I am in love with my straight best friend and this is our story.
I identify as a lesbian and growing up, I lived in a modern household where my parents accepted who I was with little issues. Though, living in Taiwan, the perception towards LGBTQ+ individuals is generally more open in comparison to my cousins who are living in other parts of Asia. Nevertheless, I am blessed to have parents who supported me throughout my ups and downs, especially when I struggled with my emotional needs.
Growing up, I never had that one best friend. It was hard for me to make friends as I was always shy to initiate the first hello with others. Being quiet, I always dedicated myself to my studies so I could make my Asian parents proud.
When I transitioned into junior high school, I met Lim. She would be in the same class as me for the next six years. I would describe her as someone who is quiet too. She sits with her clique of friends at the back of the class every year and does not speak much unless necessary. But when she does, she has the most wonderful smile. To catch a glimpse of her, I would always sit two rows in front of her each year.
I remember the first time we ever spoke was when she first came over to me to ask a question about English. I was the top student in my class and naturally she knew that she could rely on me for help. It was a really simple question, but it made my heart flutter. I remember explaining to her for one minute, which felt like it lasted for a lifetime. It was then that I knew I really, really had feelings for her.
Days and months went by and we spoke on multiple occasions as she often comes to me for help. In between, we also started hanging out after classes to go through some general sections in the curriculum for us to rehearse in English. I got to know about her life a bit more and we shared stories together. We found out that we have so many things in common and eventually, we became best friends.
A day after her birthday, I decided to write her a letter about how she made me feel. I never knew that I would feel so genuinely and strongly for someone like Lim. I wrote her a love letter expressing how much I cared for her. I tried to muster all the courage I had to give her the letter.
She read the letter and replied with one of hers. In her letter, she said so many kind words that it brought me to tears. She said that she will always love me as a dear friend and she accepted me for who I am. Even though she could not be with me as a lover and partner, she will always choose to take care of me too. It was a year that I did not want to forget.
Years have passed since then, we went to different universities and have now started working. Our lives evolved differently. We have both gone through multiple heartbreaks since then, yet we kept in touch despite the distance.
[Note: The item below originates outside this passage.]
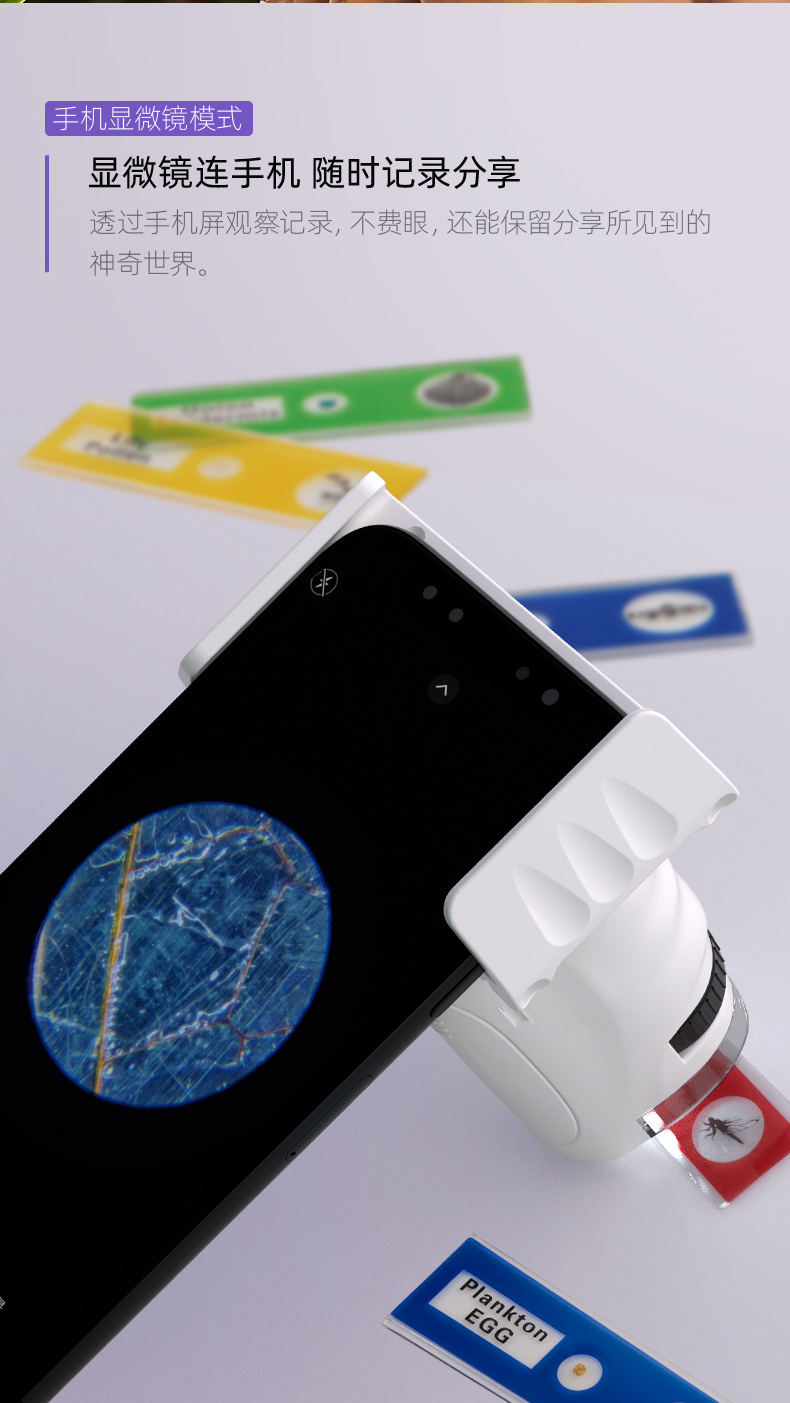 1661329788712672.jpg 详情-15.jpg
From being my best friend, she is now a sister that I could rely on even with the pandemic going on and we are a thousand miles apart.
Looking back at my naive and innocent little self 10 years ago, I chuckled a little knowing how big it was to me at that time. The toughest part was moving on from loving her romantically to loving her as a best friend. I remember the lingering romantic feeling that often complicated how we should interact with each other. On top of that, the jealousy and desires were killing me inside. We did make some changes to the way we interacted with each other after that. It took time but I am glad we remain as close as we are now.
Unrequited love is painful and difficult, but I am sure that we are all resilient enough to get through them. We move on and we fight for another love story. In 2021, I hope to get married to the love of my life. That is a story for another day.